Tout le reste suppose que vos fourchettes sont honnêtes — or c’est exactement ce que
les humains font le plus mal : quand on demande à quelqu’un un intervalle dans lequel
il est sûr à 90 % que la vraie valeur se trouve, elle y tombe en réalité
autour d’une fois sur deux. Le résultat est robuste, il s’observe chez les experts
comme chez les novices, et sur leur propre domaine.
Le site élargit donc toutes vos fourchettes d’un facteur croissant — médiane
inchangée, jamais de valeur négative là où vous n’en vouliez pas — et regarde à
partir de quand votre conclusion ne tient plus. Un verdict qui survit à des
fourchettes trois fois plus larges ne dépend pas de la justesse de vos fourchettes ;
un verdict qui tombe à 1,3 n’est pas un verdict. Les lois discrètes
(bernoulli, poisson) ne sont pas élargies : une probabilité
ne s’étire pas comme une fourchette.
Le contre-argument
Le seuil de bascule déplace une hypothèse.

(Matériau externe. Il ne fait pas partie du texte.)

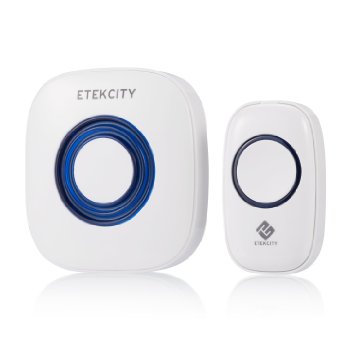 Top 10 Best Electric Doorbells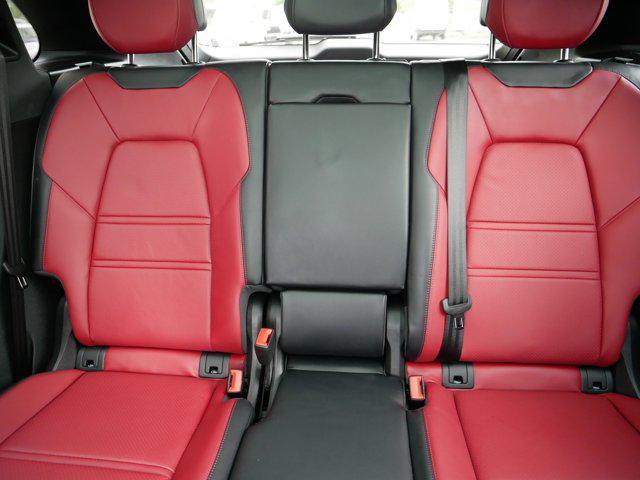 used 2024 Porsche Cayenne car, priced at $101,990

Quand aucune ne renverse le verdict à elle seule, le site cherche le jeu d’hypothèses le plus proche du vôtre qui donnerait la conclusion contraire, et vous le montre chiffré : voilà ce qu’il faudrait croire. La distance est mesurée dans l’unité de vos propres fourchettes — zéro à la médiane, 1,645 au bord. Si aucun scénario plausible ne renverse le verdict, le site le dit : votre désaccord, s’il en reste un, n’est pas dans les chiffres du modèle mais dans ce qui n’y figure pas.
Le détail des calculs, et le verdict en texte
Sous les résultats, un panneau dépliant donne chaque valeur calculée — médiane, fourchette à 90 %, et les hypothèses qui portent son incertitude — et décompose les sommes en termes, avec le poids de chaque poste à sa valeur médiane. C’est ce qu’un tableur montre cellule par cellule : de quoi vérifier son modèle autrement qu’en le croyant. Et « Copier le verdict » produit ce que la page affiche, en texte, précédé d’un lien qui contient le modèle : à coller dans une discussion, pour décider à plusieurs.
Ce que ce site ne fait pas
Il ne connaît aucune donnée de marché, aucun barème, aucun taux réel : tous les chiffres sont ceux que vous écrivez, et les modèles de départ sont des ordres de grandeur à remplacer par les vôtres. Il suppose vos hypothèses indépendantes, sauf là où vous les liez explicitement par une formule. Il ne remplace pas un conseil professionnel. Et il ne saura jamais ce qui, dans votre décision, ne s’écrit pas en chiffres.